The only time I’ve ever worked as part of a team was at university. I was an art director and did the pictures and my copywriter, Ross did the words. While this was a great creative team we split in 2011, graduated and went on our separate paths. (Embarrassing shots attached!)

I never tried to couple together with another creative after that not because a) I’m unable to work as a team b) I don’t like other humans or c) I am socially awkward and no one wants to work with me. (I am quite awkward so I’ll retract half of C) but instead, because it didn’t feel right to me. It felt, old-fashioned and outdated.

The first thing I did when I left university was to take a placement in London as a single creative. I spent a month working with artists and illustrators as well as industry gems – single creatives themselves – and they showed me the ropes as well as schooling me in the diverse and sometimes unsettling nature of being single.

During this short time I had the most career-reaffirming moments I’d have as a creative in my early years. In the weeks to follow I took the wrong train home (personal development), gave solo presentations (professional development), I found comfort in working alone and a strange excited-nervousness from working with new people.

Placements are about finding the places you want to work and the people whom you’d like to work for/with.

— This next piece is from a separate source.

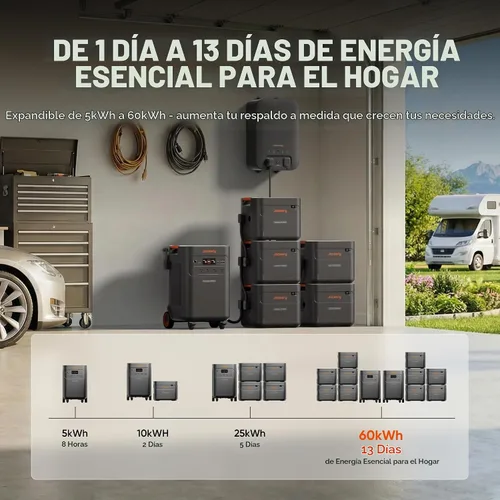 Vista 6 de Jackery Generador solar 5000 Plus y paneles de 2x200W, 5040Wh, salida de CA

They can mould you into the creative you want to be as well has have an exploratory process where you get to discover the creative you are. If I hadn’t followed my gut, if I hadn’t flocked towards what was right for me, I would have remained complacent with doing the pictures. Them doing the words.

This placement shaped my career and I couldn’t be more thankful for the opportunities it gave me. Surprising myself that I was enough. I was good single. It made me work harder, catapulted me out of my comfort zone and taught me how to read a train timetable.